De tudo o que foi divulgado na mídia, muito especialmente da foto em que Beatriz aparece com os pés algemados, é possível perquirir sobre possível abuso de autoridade.

A prática de ato obsceno é um delito considerado de menor potencial ofensivo para o qual, embora prevista, sequer haverá aplicação de pena privativa de liberdade. Configuração jurídica essa que já seria um bom motivo para acender o sinal amarelo para o uso de um mecanismo tão violento como as algemas.

Essa questão é tão importante que, em 2008, o STF editou a Súmula Vinculante nº 11 segundo a qual somente é legal “o uso de algemas em casos de resistência e de fundado receio de fuga ou de perigo à integridade física própria ou alheia, por parte do preso ou de terceiros, justificada a excepcionalidade por escrito, sob pena de responsabilidade disciplinar, civil e penal do agente ou da autoridade e de nulidade da prisão ou do ato processual a que se refere, sem prejuízo da responsabilidade civil do Estado”.

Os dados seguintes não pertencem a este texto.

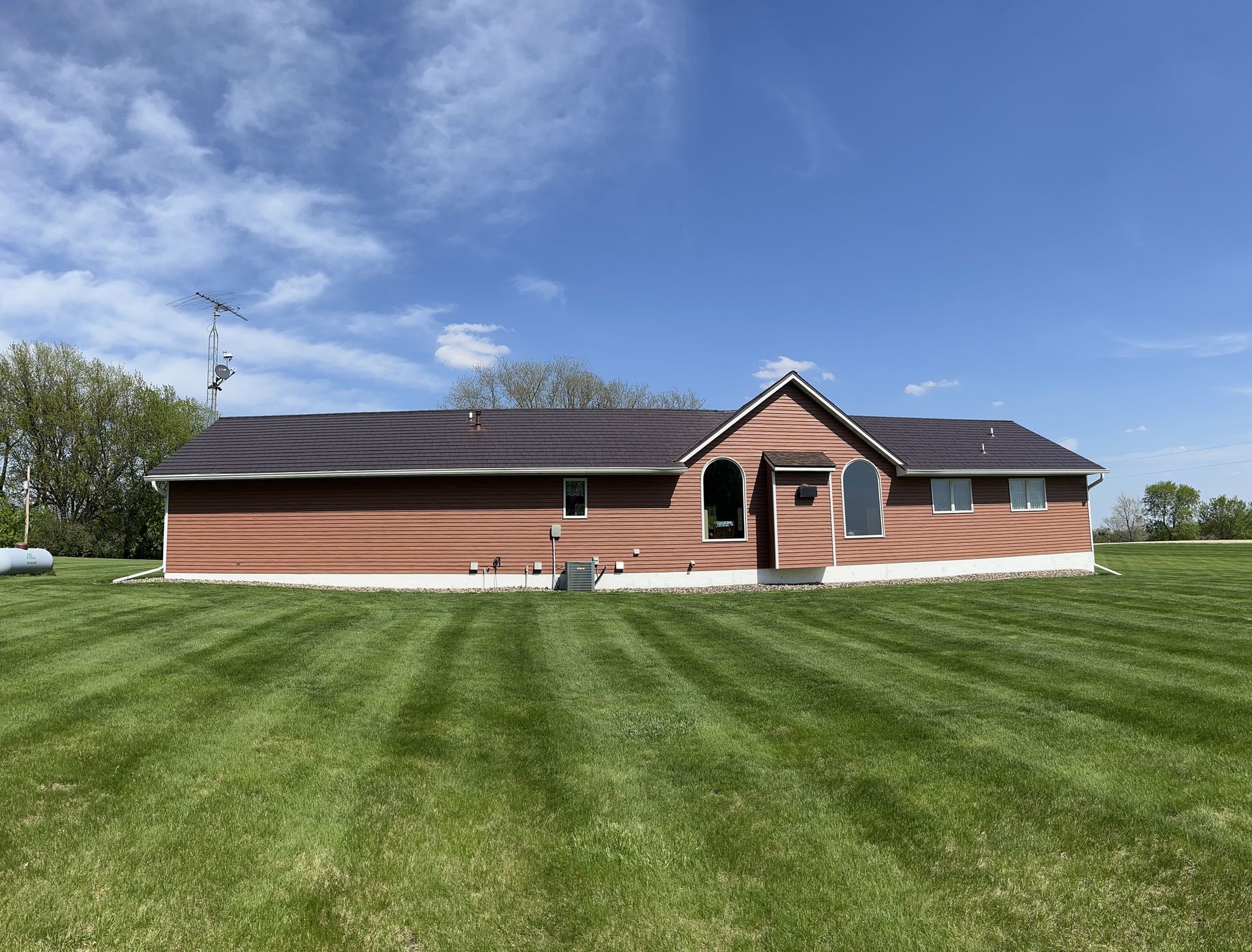 a large house is sitting in the middle of a lush green field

Além disso, também desde 2008, está inscrito no Código de Processo Penal (art. 284) que “não será permitido o uso de força, salvo a indispensável no caso de resistência ou de tentativa de fuga do preso”. E, por fim, a partir da Lei 13.869/2019 (art. 13, II), constranger uma pessoa presa, mediante violência, grave ameaça ou redução de sua capacidade de resistência a submeter-se a situação vexatória ou a constrangimento não autorizado em lei, é crime de abuso de autoridade.

O uso de algemas, mesmo em situações legítimas, é sempre uma medida constrangedora física e psicologicamente, estando a pessoa presa ou detida. Por isso, usa-las deve ser excepcionalíssimo. O objetivo é evitar o abuso, impedindo que sejam empregadas de forma humilhante, espalhafatosa ou teatral, como parece ser, pelo divulgado, o caso de Beatriz.

Enfim, mais que mera hipocrisia, em um país que historicamente vale-se da “venda” dos corpos femininos em seu maior evento que é o Carnaval, casos como o de Beatriz, na verdade, demonstram como o direito penal reflete condutas de gênero ditadas pela cultura patriarcal, por suposto violenta, em relação ao controle dos corpos femininos e feminizados.

Aprofundar a discussão sobre os limites da lei penal a partir de exemplos como esse é um bom começo para mudanças urgentes e necessárias. Estamos no Supremo com esse tema. Aguardemos o resultado!

*Soraia Mendes é advogada, pós-doutora em Teorias Jurídicas Contemporâneas pela Universidade Federal do Rio de Janeiro (UFRJ), doutora em Direito, Estado e Constituição pela Universidade de Brasília (UnB). Autora, dentre outras, das obras “Criminologia Feminista: novos paradigmas” e “Processo Penal Feminista”.